Making decisions on a macro scale aggregations of data from many users can be very useful. Each individual piece of data however resides inside a user’s Vault. To create these aggregations users should not be forced to give up their data to a third party. Instead the aggregation engines perform these aggregations without revealing the individual data of any user. Only the final result of the aggregation is communicated and potentially stored.
For example, let’s consider that a city has asked citizens to stay at home to reduce the infection spread. To get an overview if the measures are effective, the city officials would benefit from an aggregation of people’s movements. However, this aggregation should be obtained without exposing the privacy of individuals. To obtain this, the city officials could send a computation to the Vaults that relies on the location history of users, but only send back the number of kilometres traveled by the user per day in the last week.
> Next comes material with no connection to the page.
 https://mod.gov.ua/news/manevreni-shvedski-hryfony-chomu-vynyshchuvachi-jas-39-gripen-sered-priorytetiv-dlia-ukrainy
The city officials receive an aggregation telling them on average how many kilometres people traveled every day in the last week. The results could be even more detailed: For example, it could also show the number of people that travelled a given distance. This information provides valuable feedback for public officials without revealing any personal data of any users. The data remains safely in the user’s Vault.
This is just an example. Other examples could include: How frequently do users go shopping? How often do people use public transport? Do users frequent public places less often?
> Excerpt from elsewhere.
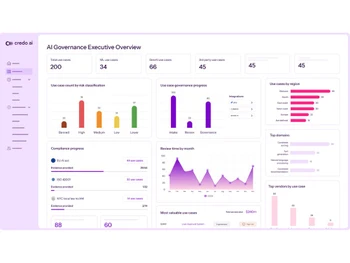 credo ai-dashboard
The Aggregation Engine focuses on providing differential privacy: It enables sharing information about a dataset by describing the patterns of groups within the dataset while withholding information about individuals in the dataset. To support the Aggregation Engine, Vaults implement a Data Ability that takes a given computation of interest for a research group, public institution or government. This computation runs inside a user’s Vault and returns to the interested parties only aggregated results. The data of the users never leaves their Vaults. Only aggregated statistics about that data is exposed.
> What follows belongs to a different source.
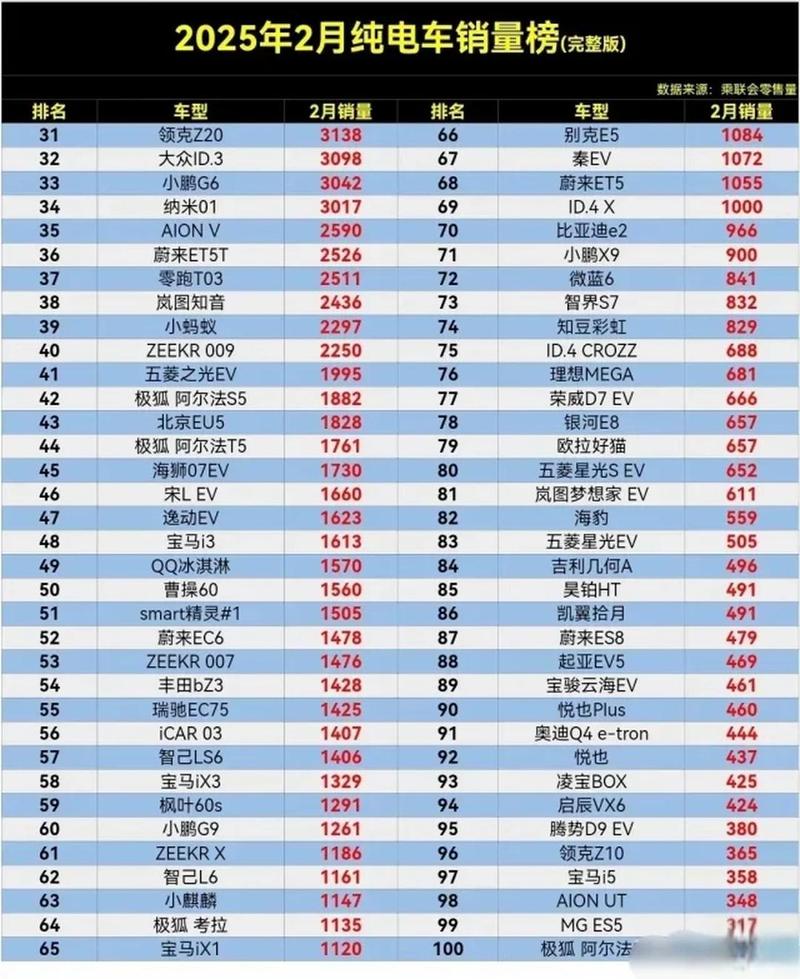 lol五个位置难度排行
Users are also at all times in full control of what is happening in their Vaults. Users can:
- See what computation a third party is interested in running in their Vaults,
- Get informed about why this third party is interested in running that computation on their data,
- Know what pieces of data that computation will use from their Vaults, and
- See the result that the computation is going to return from their Vaults to the outside world.
At any point a user can choose to stop the computation.
Extracting data from Vaults in this way is crucial in a crisis like the current one as it allows public institutions to make better decisions.
The greatest challenge of the Aggregation Engine is to block third parties from getting individual user data. That can be achieved by thoroughly reviewing all computations that will be sent to the Vaults and also allowing users to review those computations and see what results will be exposed from their pod.
A path to achieve this work is through federated learning solutions: the overall aggregation logic is split into subparts that are distributed to each device, each device executes the logic locally and sends back a summary that does not reveal the private data. This summary is then aggregated centrally.
However, there should be a component of the system that takes individual results from Vaults and aggregates the results. That component now becomes the central point of failure as it can potentially know which results came from which Vaults. To address this, the component does not store any data beyond what is necessary for the duration of the computation. It is crucial that aggregation is done on this system component in a way that does not expose individual results. A further way to achieve this is through Secure Multiparty Computation approaches.